#### DATA UNDER STUDY
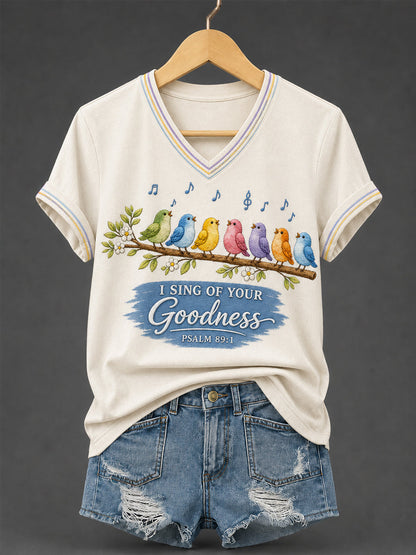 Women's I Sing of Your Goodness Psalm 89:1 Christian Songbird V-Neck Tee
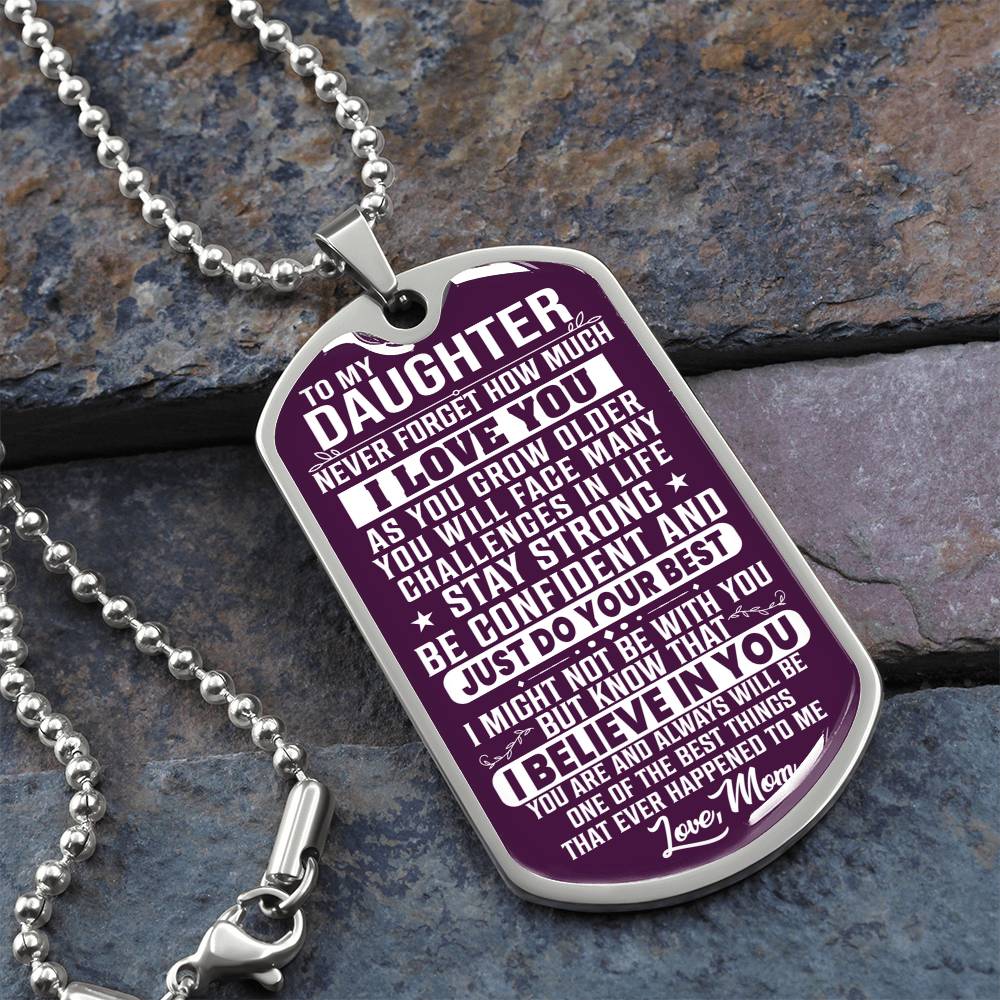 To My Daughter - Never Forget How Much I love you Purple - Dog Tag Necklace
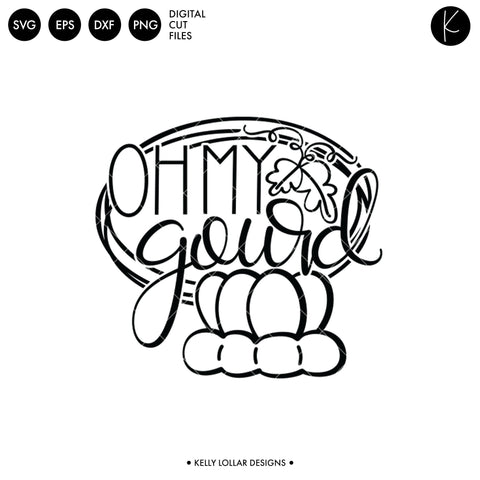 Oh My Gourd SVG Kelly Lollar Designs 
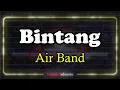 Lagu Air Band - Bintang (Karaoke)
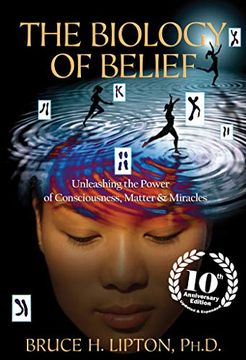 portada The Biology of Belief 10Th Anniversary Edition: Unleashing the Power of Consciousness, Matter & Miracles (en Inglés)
########
**WORK INSTRUCTIONS**. Copy out every line above without change, dropping the pictures.

**RESPONSE AREA**.
 Women's I Sing of Your Goodness Psalm 89:1 Christian Songbird V-Neck Tee
 To My Daughter - Never Forget How Much I love you Purple - Dog Tag Necklace
 Oh My Gourd SVG Kelly Lollar Designs 
 Lagu Air Band - Bintang (Karaoke)
 portada The Biology of Belief 10Th Anniversary Edition: Unleashing the Power of Consciousness, Matter & Miracles (en Inglés)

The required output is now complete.